[Work item]
The result should be the full listing copied exactly, with no pictures in it.

[Given material]
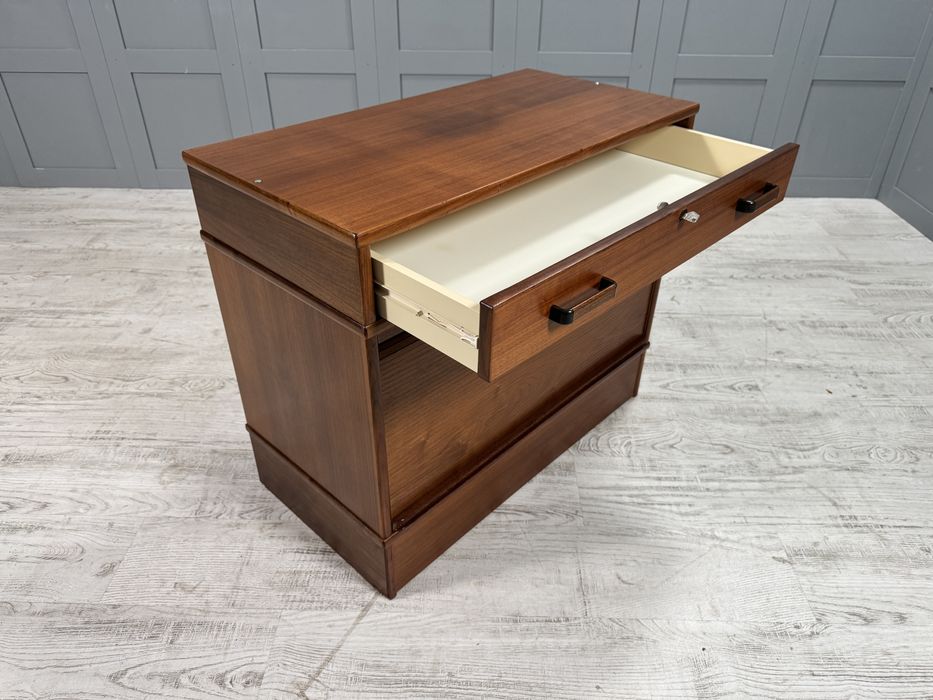 Винтидж кантонерка Kinnarps К094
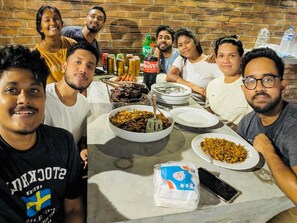 تناول الطعام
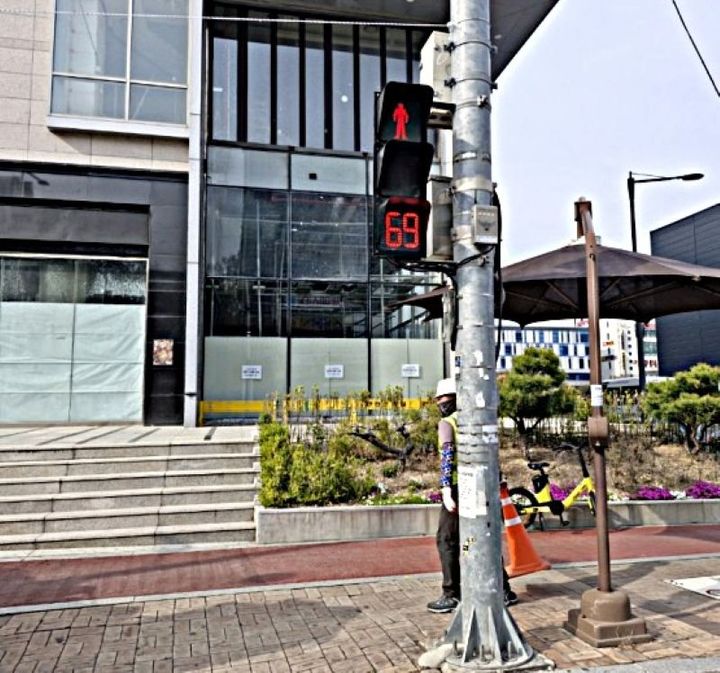 [원주=뉴시스] 보행신호 적색잔여시간 표시기. (사진=원주시 제공) 2025.11.07. photo@newsis.com *재판매 및 DB 금지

[Result below]
 Винтидж кантонерка Kinnarps К094
 تناول الطعام
 [원주=뉴시스] 보행신호 적색잔여시간 표시기. (사진=원주시 제공) 2025.11.07. photo@newsis.com *재판매 및 DB 금지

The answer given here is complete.